EXTRACTED RECORDS:
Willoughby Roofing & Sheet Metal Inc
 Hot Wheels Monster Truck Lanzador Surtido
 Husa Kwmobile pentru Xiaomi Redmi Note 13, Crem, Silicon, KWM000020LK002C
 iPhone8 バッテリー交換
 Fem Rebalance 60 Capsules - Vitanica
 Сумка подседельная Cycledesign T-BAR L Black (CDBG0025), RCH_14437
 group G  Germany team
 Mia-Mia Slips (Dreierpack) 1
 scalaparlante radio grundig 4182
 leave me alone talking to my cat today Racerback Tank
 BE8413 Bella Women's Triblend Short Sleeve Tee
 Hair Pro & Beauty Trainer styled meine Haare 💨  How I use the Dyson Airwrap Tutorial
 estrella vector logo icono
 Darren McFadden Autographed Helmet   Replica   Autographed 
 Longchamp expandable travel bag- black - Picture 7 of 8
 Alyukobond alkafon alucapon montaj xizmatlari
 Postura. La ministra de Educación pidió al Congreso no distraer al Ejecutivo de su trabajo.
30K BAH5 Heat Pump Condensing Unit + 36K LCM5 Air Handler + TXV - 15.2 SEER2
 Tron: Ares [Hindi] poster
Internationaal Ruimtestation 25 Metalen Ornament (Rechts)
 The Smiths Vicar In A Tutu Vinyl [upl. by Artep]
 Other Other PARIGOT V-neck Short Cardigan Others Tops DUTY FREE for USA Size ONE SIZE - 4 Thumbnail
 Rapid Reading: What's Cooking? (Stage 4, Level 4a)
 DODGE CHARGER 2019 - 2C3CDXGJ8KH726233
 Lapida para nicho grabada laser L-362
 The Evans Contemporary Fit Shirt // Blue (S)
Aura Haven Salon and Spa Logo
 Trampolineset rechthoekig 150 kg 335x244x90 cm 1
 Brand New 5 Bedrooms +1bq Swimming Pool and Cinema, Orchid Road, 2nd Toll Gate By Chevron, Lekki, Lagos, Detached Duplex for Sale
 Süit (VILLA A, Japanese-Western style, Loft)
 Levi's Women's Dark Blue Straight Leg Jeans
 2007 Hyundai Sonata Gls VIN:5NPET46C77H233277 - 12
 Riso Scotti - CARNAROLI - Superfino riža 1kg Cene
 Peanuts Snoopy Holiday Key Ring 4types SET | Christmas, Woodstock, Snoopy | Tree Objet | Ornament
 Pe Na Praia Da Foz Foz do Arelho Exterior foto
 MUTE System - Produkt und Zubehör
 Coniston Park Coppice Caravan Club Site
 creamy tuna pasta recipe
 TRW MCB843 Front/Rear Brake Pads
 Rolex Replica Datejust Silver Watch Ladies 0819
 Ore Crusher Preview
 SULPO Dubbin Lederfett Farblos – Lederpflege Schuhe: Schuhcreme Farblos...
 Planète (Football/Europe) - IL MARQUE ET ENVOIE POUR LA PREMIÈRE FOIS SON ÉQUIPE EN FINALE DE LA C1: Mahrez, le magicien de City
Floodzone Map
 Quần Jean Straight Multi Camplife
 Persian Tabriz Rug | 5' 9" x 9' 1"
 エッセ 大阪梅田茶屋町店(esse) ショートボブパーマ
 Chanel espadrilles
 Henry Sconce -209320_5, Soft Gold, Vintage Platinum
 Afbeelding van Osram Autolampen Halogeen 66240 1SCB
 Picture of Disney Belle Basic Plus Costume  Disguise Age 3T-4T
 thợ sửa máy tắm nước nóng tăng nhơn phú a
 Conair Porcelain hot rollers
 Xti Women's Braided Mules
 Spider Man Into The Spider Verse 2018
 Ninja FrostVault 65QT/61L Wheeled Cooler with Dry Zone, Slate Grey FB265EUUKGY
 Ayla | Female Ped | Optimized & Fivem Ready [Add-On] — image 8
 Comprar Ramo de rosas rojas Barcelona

TASK PROMPT: For the material above, state the number of lines that include the word "Picture". Leave out everything else.

WRITTEN RESPONSE: 2